Chroniques de l’urgence

Infernales antichambres

d'Lëtzebuerger Land du 25.11.2022

Si l’on est invité à une conférence durant laquelle on peut espérer faire des affaires, pourquoi se priver ? C’est ce qu’ont dû se dire les représentants de compagnies pétrolières et gazières qui se sont pressés ce mois-ci à la COP27 à Charm-El-Cheikh, en Égypte. Le Guardian a ainsi indiqué qu’en marge de cette rencontre diplomatique censée mettre le monde sur les rails d’une action contre le changement climatique à la hauteur des enjeux, douze contrats d’importance relatifs à l’exploitation d’hydrocarbures ont été signés, dont un accord entre la Tanzanie et Shell pour créer un terminal d’exportation de gaz liquéfié, un autre qui permettra à Total de réaliser des forages au Liban, et un partenariat d’extraction pétrolière et gazière conclu entre l’Arabie Saoudite et l’Indonésie. Un accord promu par les États-Unis prévoit des investissements dans l’énergie renouvelable en Égypte… en échange d’exportations de gaz vers l’Europe.

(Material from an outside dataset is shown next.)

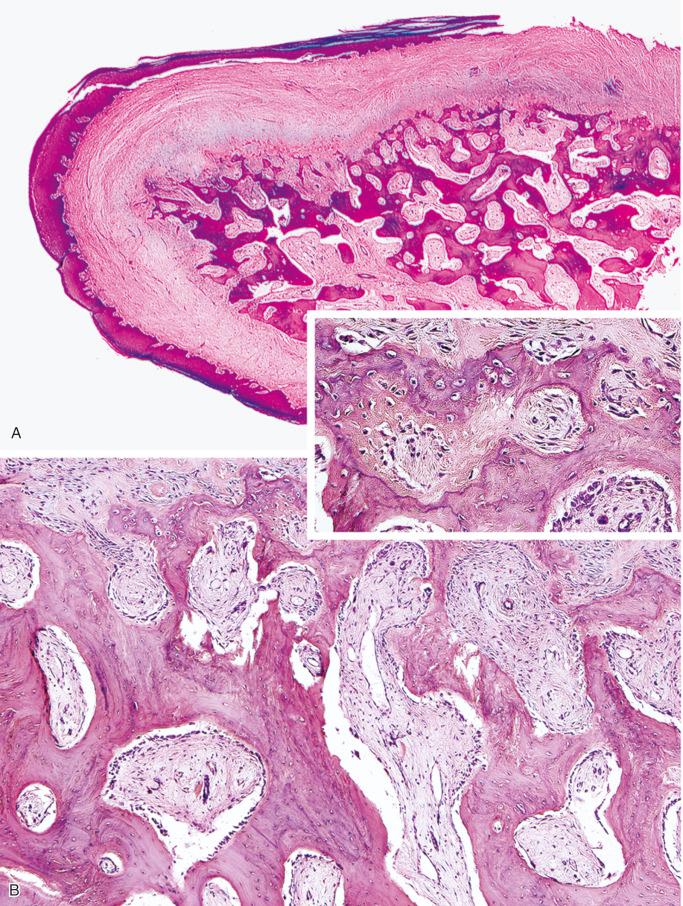 FIGURE 23-35, Subungual exostosis: microscopic features.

Non contents de mettre leurs talents de persuasion au service du blocage des négociations climatiques, ce qui leur a manifestement réussi, les 600 lobbyistes de compagnies d’énergie fossile présents à la COP – un record – ont ainsi montré qu’il ne saurait être question pour elles de réduire leurs activités.

D’ailleurs, pour des pétrocraties comme l’Arabie Saoudite, les Émirats arabes unis ou la Russie, impossible de distinguer entre lobbyistes et représentants politiques. On sait que les piètres résultats de la COP27 s’expliquent aussi par le fait que la présidence égyptienne de la conférence a docilement répercuté les exigences de son puissant voisin wahhabite.

Les Émirats, qui, rappelons-le, ont l’insigne (et incompréhensible) honneur d’accueillir la COP28, ont redoublé d’efforts pour se peindre en champion de l’action climatique, envoyant un millier de délégués à Charm-El-Cheikh, soit le double de la deuxième délégation en nombre. L’aide généreuse que les EAU accordent au maréchal Sissi a très certainement aussi servi de levier pour convaincre celui-ci de diluer la déclaration finale.

Au mépris des sanctions internationales déclarées à la suite de l’invasion de l’Ukraine, des lobbyistes russes représentant notamment le gazier Gazprom et les pétroliers Lukoil et Taftnet ont hanté les couloirs de la conférence. Mais des entreprises minières et agrochimiques russes sanctionnées étaient également à l’affût, espérant profiter du bouleversement des chaînes d’approvisionnement causé par la guerre pour avancer leurs pions.

Au nom de l’accès de la société civile aux négociations internationales sur le climat – un terme qui recouvre à la fois les activistes climatiques et les lobbyistes –, on a voulu créer l’impression que chacun y était à sa place. En Égypte, cette fiction a explosé. Les premiers ont été soigneusement écartés et muselés, les seconds ont dansé sur la table. Mettre sur un même plan ceux qui tentent d’intervenir pour sauver ce qui peut encore l’être et ceux qui viennent mettre du sable dans les rouages tout en concluant de nouveaux contrats de forage est une funeste erreur.